Pick every line out of the entries below that holds the string "butterfly", and report them.
# # # #
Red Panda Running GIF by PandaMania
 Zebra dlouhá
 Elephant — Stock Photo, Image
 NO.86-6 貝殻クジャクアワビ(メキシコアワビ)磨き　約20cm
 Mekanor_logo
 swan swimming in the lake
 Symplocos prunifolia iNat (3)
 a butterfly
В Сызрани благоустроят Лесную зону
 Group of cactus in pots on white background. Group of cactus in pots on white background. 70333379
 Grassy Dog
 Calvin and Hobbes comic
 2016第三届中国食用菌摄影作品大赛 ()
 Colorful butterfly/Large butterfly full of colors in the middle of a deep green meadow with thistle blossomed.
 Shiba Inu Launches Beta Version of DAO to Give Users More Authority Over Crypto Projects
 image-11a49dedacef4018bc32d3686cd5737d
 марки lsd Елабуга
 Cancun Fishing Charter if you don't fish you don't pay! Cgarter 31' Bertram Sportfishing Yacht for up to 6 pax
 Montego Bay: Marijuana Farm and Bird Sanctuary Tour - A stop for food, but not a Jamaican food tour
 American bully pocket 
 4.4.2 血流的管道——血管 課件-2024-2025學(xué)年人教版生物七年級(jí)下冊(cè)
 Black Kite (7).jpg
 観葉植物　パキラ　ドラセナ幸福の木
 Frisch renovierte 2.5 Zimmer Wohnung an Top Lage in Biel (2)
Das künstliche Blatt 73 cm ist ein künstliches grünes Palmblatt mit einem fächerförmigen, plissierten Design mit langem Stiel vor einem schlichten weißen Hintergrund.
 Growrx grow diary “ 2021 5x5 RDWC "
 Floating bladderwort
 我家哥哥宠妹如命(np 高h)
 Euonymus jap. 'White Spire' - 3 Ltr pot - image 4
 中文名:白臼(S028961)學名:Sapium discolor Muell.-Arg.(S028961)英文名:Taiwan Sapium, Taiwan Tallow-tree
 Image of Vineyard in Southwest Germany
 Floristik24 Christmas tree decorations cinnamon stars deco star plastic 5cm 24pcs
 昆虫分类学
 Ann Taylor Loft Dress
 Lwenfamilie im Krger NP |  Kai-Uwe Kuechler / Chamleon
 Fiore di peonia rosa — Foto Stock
# # # #
- **Written response**
 a butterfly
 Colorful butterfly/Large butterfly full of colors in the middle of a deep green meadow with thistle blossomed.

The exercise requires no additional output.